§ What you should do
Take the entries below and reproduce exactly the portion that begins at the line containing "2026 Liquid Force" and ends at the line containing "2011 Suzuki Alto 1.0 GL", keeping both ends, dropping pictures, and adding nothing else.

Image-text web data
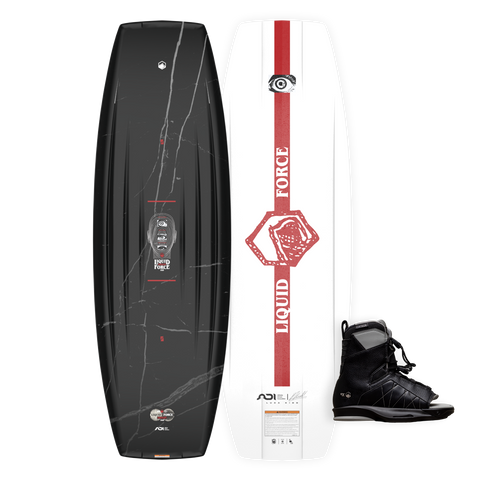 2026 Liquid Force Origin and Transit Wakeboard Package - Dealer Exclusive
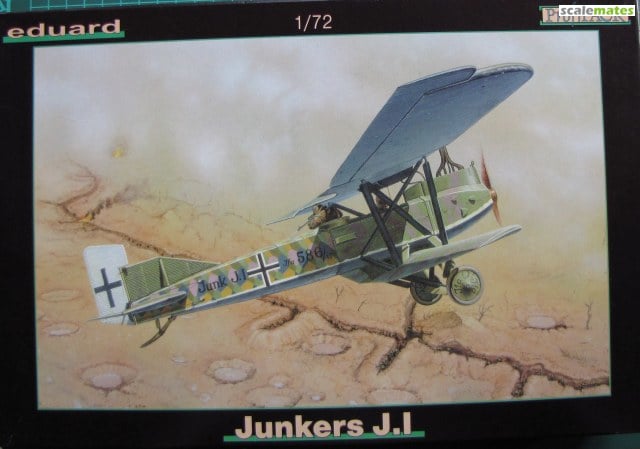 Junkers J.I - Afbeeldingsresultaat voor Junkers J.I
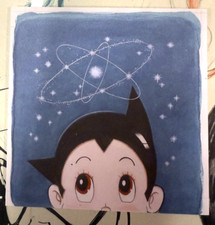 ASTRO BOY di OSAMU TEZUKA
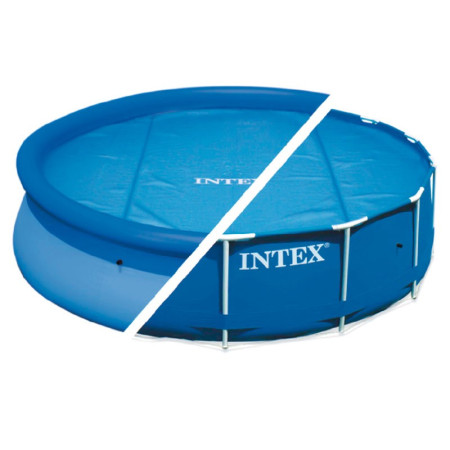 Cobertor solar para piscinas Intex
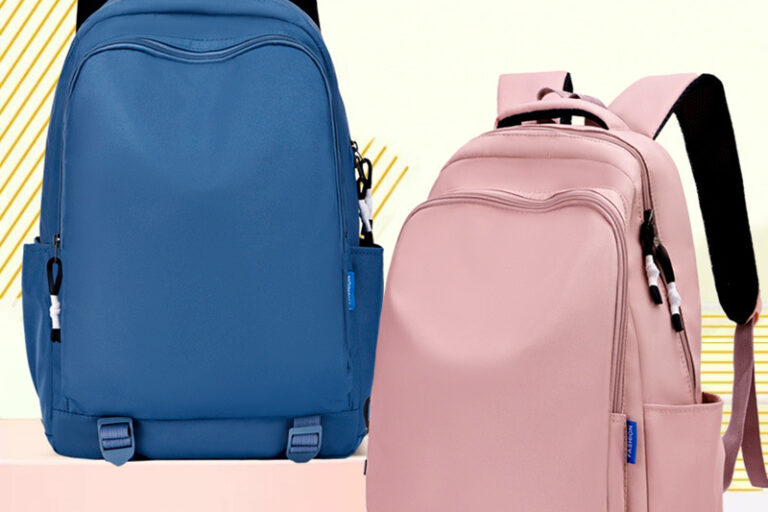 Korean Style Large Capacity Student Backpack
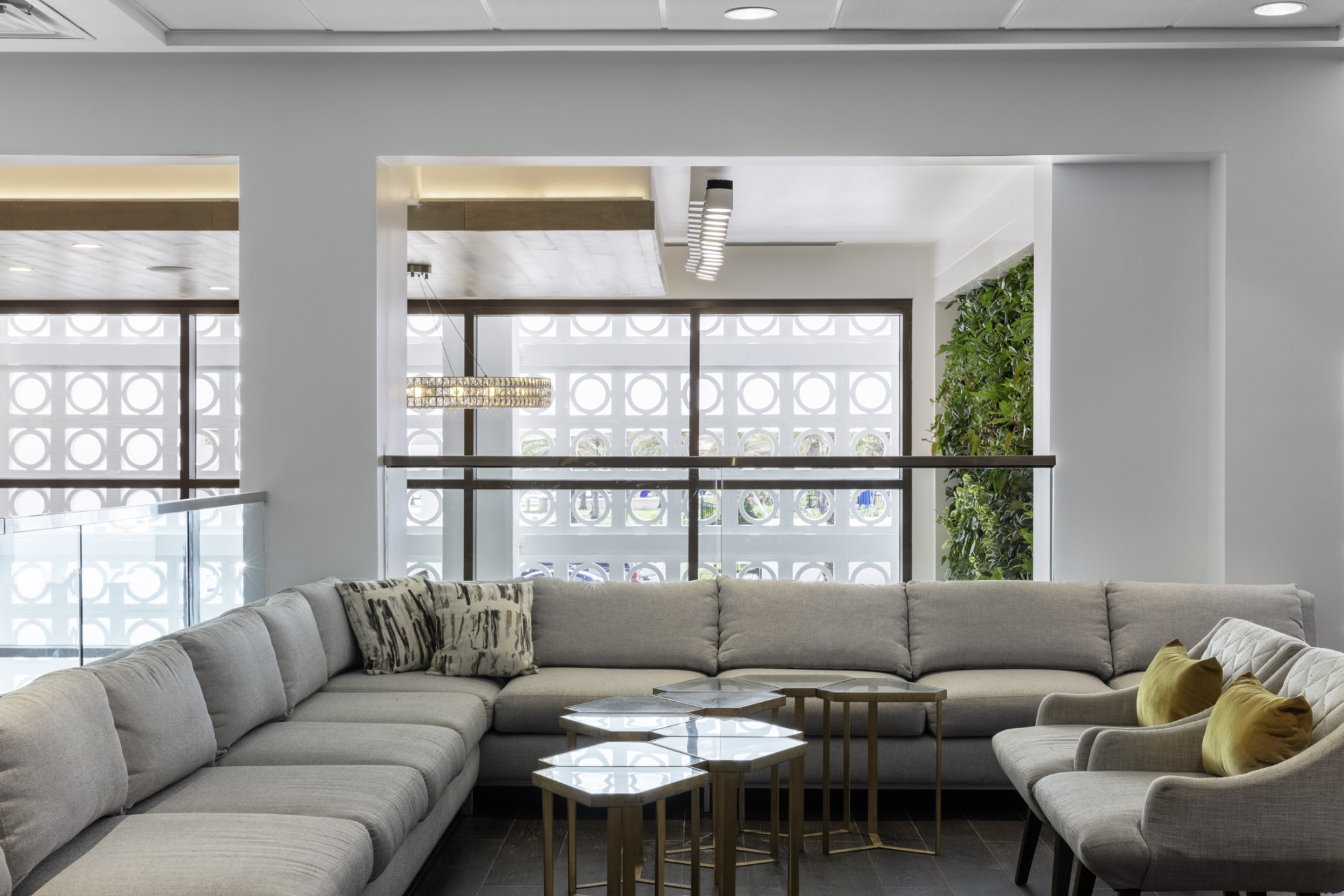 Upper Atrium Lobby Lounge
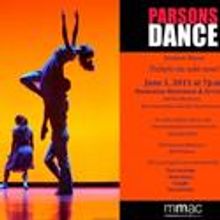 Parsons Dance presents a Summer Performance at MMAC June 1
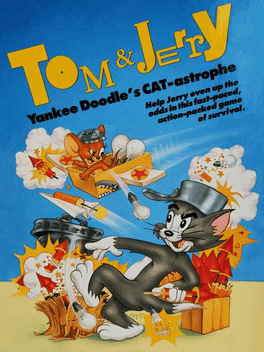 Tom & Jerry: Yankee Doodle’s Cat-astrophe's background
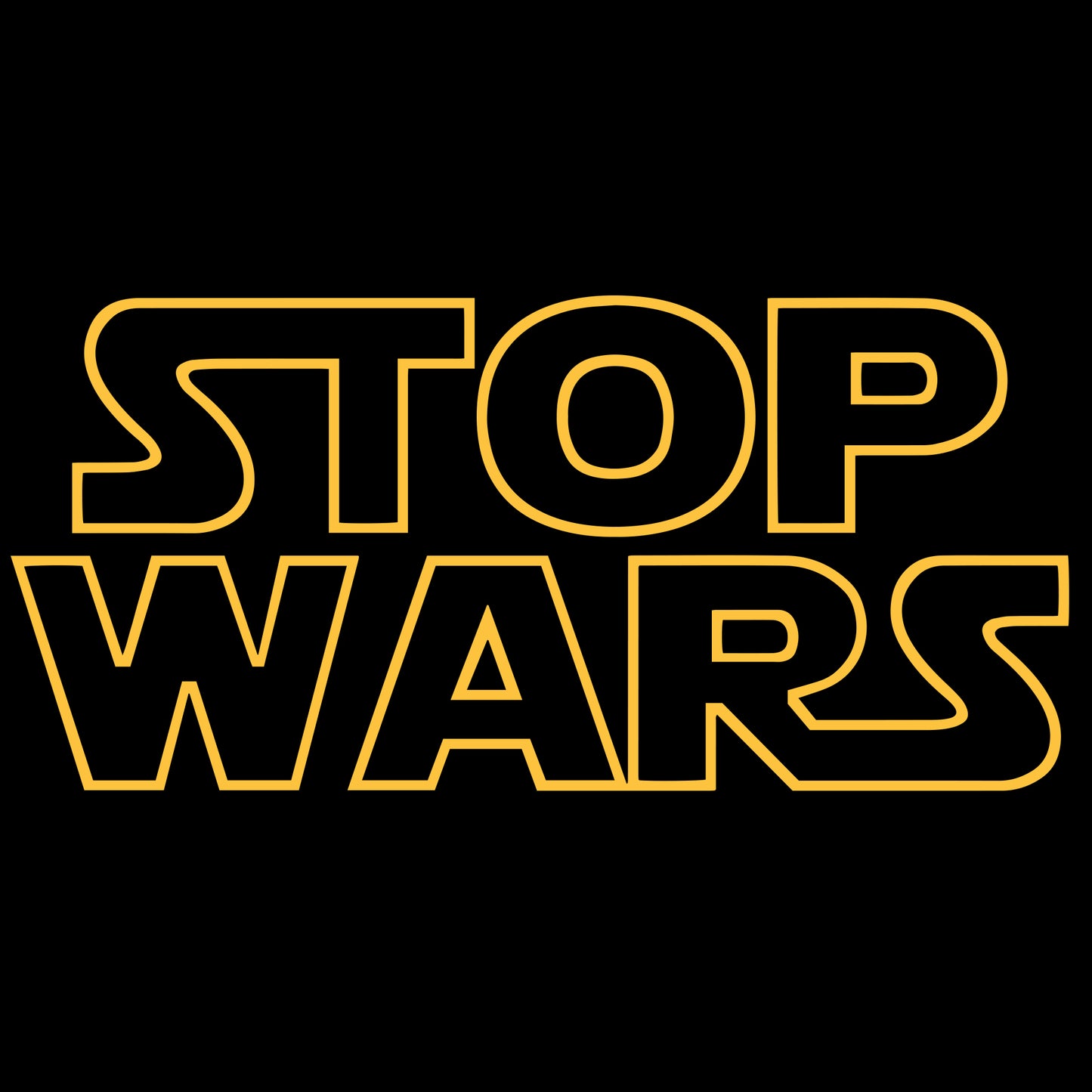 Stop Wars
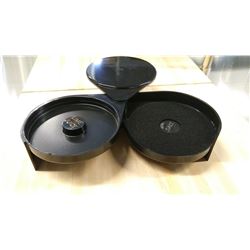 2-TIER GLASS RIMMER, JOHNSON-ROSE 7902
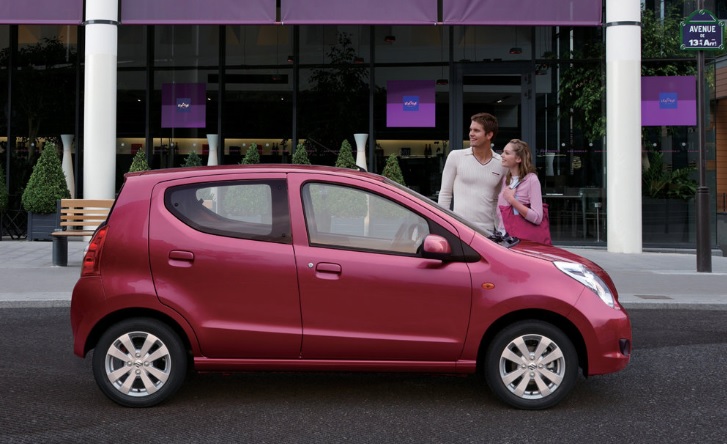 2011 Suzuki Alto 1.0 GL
--
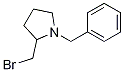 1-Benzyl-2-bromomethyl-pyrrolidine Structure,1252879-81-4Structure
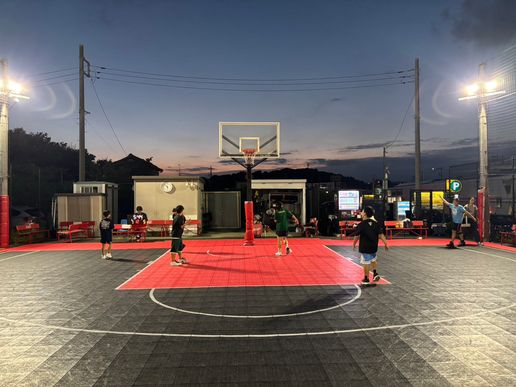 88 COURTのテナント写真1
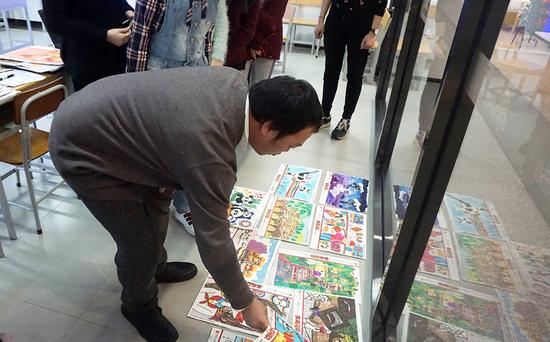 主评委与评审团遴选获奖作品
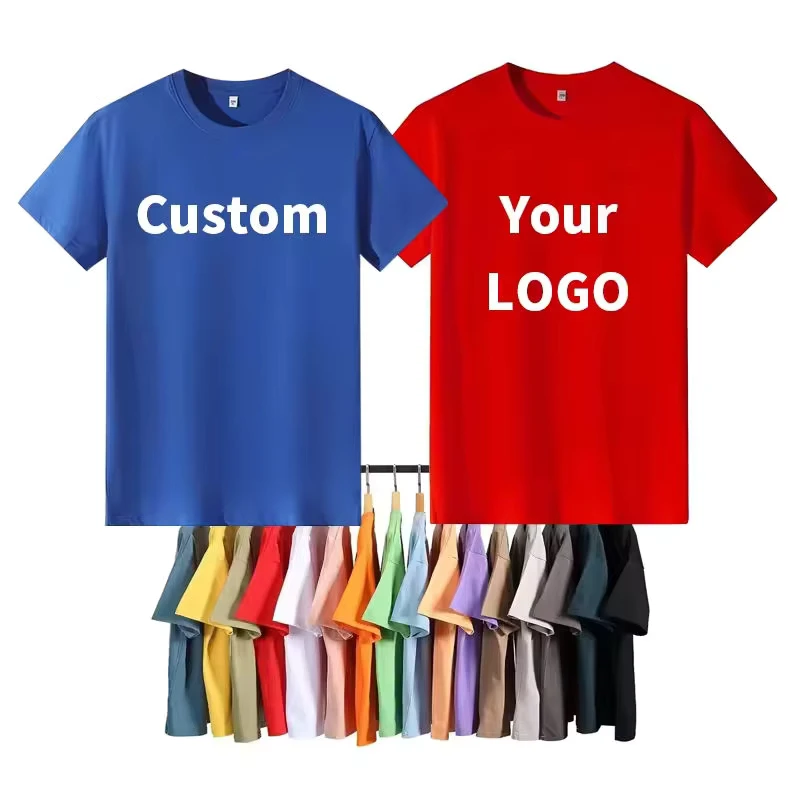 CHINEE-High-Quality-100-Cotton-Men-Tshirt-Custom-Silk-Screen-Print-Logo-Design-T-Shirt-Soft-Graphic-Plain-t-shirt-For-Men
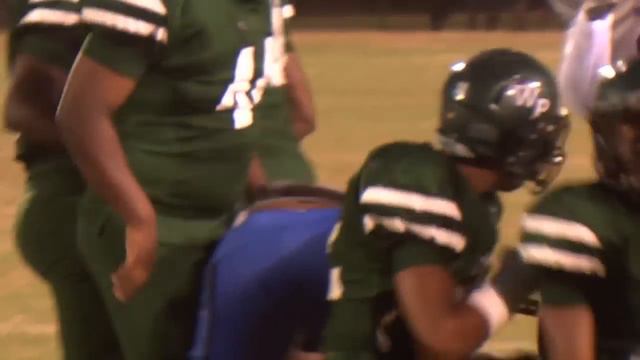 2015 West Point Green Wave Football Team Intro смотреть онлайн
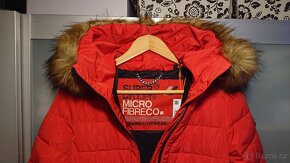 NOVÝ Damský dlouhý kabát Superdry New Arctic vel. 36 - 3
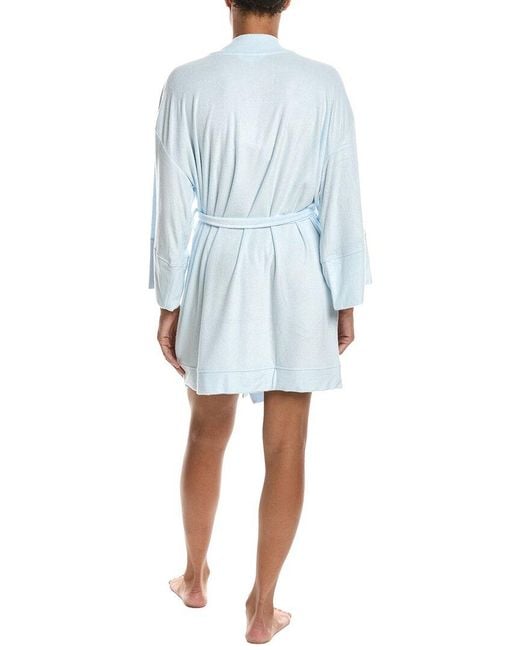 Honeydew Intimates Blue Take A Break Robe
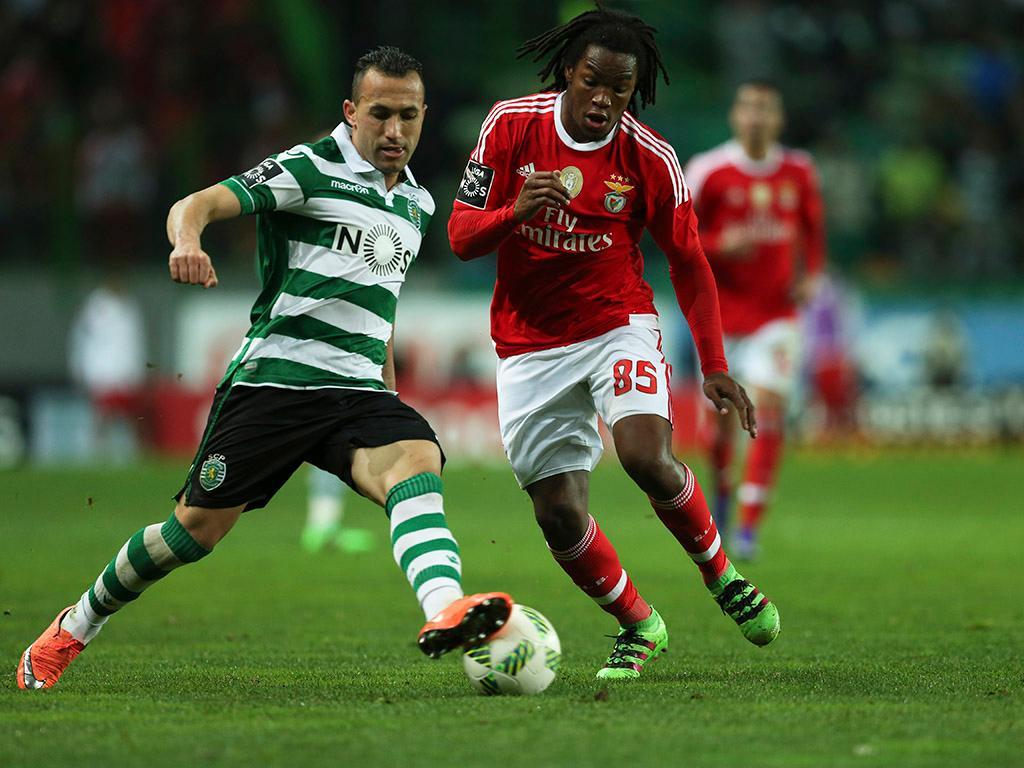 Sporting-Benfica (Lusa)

§ Answer section
 2026 Liquid Force Origin and Transit Wakeboard Package - Dealer Exclusive
 Junkers J.I - Afbeeldingsresultaat voor Junkers J.I
 ASTRO BOY di OSAMU TEZUKA
 Cobertor solar para piscinas Intex
 Korean Style Large Capacity Student Backpack
 Upper Atrium Lobby Lounge
 Parsons Dance presents a Summer Performance at MMAC June 1
 Tom & Jerry: Yankee Doodle’s Cat-astrophe's background
 Stop Wars
 2-TIER GLASS RIMMER, JOHNSON-ROSE 7902
 2011 Suzuki Alto 1.0 GL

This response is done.